== Segment start ==

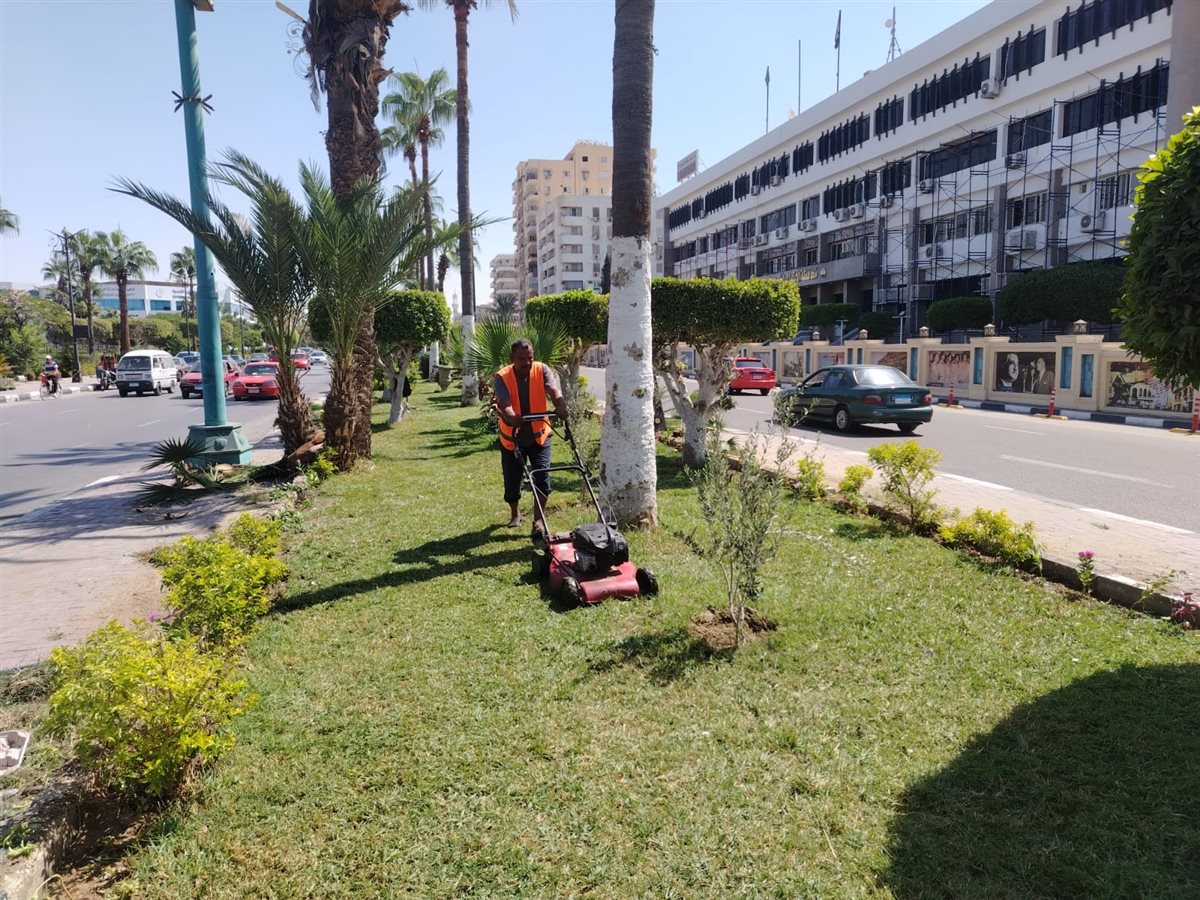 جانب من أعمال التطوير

== Segment end ==
== Segment start ==

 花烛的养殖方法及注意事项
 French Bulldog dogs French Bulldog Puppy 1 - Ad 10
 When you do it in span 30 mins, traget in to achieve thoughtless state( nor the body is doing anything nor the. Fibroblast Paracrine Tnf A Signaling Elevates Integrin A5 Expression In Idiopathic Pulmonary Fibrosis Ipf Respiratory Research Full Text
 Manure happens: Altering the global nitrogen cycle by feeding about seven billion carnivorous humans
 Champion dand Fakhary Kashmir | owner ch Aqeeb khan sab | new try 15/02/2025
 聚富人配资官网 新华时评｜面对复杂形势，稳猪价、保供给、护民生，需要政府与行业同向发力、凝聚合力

== Segment end ==

§ WHAT YOU HAVE TO DO: Retype word for word everything in the listing above from the line that holds "Manure happens: Altering" down to the line that holds "聚富人配资官网 新华时评｜面". Keep both end lines and leave out the rest.

§ RESPONSE AREA:
 Manure happens: Altering the global nitrogen cycle by feeding about seven billion carnivorous humans
 Champion dand Fakhary Kashmir | owner ch Aqeeb khan sab | new try 15/02/2025
 聚富人配资官网 新华时评｜面对复杂形势，稳猪价、保供给、护民生，需要政府与行业同向发力、凝聚合力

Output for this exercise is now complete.